Nessuna rivendicazione. Per ora non ci sono state rivendicazioni da parte di Haftar. L’ex uomo di Gheddafi, a capo del governo di Tobruk, è in aperto contrasto con quello nazionale di Al Serraj sostenuto dall’Onu e ha più volte criticato l’Italia per aver scelto gli “interlocutori sbagliati”. In un’intervista al Corriere della Sera, il generale ha detto che è con lui che il nostro Paese avrebbe dovuto allearsi, dal momento che è più forte sul campo militare e gode del consenso dei libici per aver portato avanti la lotta contro l’Is.

La scelta. L’Italia ha invece scelto Al Serraj e a lui avrebbe garantito aiuti proprio in vista della riapertura dell’ambasciata. Un misto di fondi e mezzi che si sarebbero aggiunti a quelli forniti dalla Commissione Europea in previsione del blocco navale progettato dalla Commissione europea per fermare le partenze dei migranti. Haftar non è tuttavia stato l’unico ad accusare gli italiani.

Italia nel mirino.

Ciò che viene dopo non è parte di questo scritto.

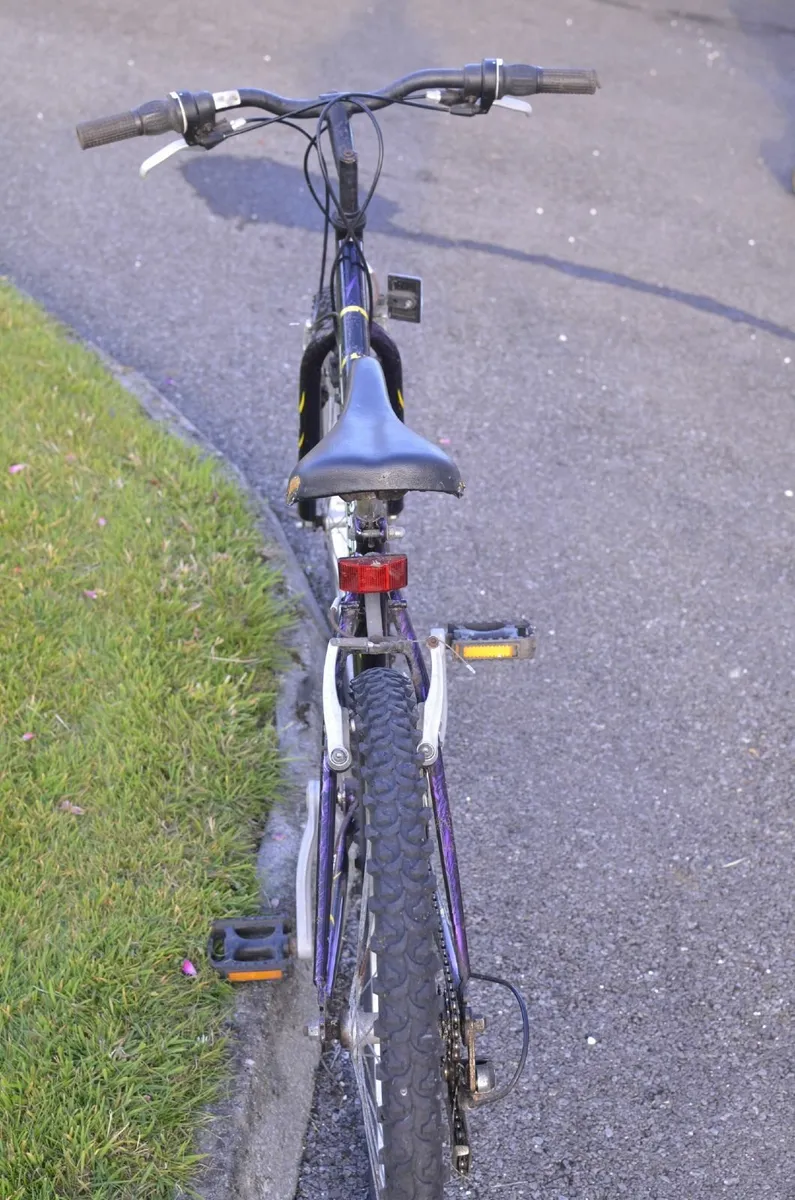 Bicycles - Image 3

Khalifa Ghwell, l’ex primo ministro a capo del governo di salvezza nazionale, ha infatti detto che Roma sta occupando il paese e rema contro l’interesse libico. Non solo. Il generale non si è mai scontrato sul campo con altre forze internazionali. Secondo l’inviato del Corriere della Sera Lorenzo Cremonesi, raggiunto telefonicamente a Misurata, le forze fedeli ad Al Serraj, potrebbero quindi aver strumentalizzato l’attentato per dare un colpo basso al loro avversario ed inasprire così una tensione che più volte ha rischiato di sfociare in una guerra civile. La soluzione militare non è tuttavia auspicata dai paesi vicini alla Libia. Riunitisi al Cairo il 21 Gennaio, Egitto, Tunisia, Algeria, Sudan, Ciad e Nigeria hanno nuovamente caldeggiato la riapertura del dialogo tra Al Serraj e Haftar, oramai interrotto da più di un anno.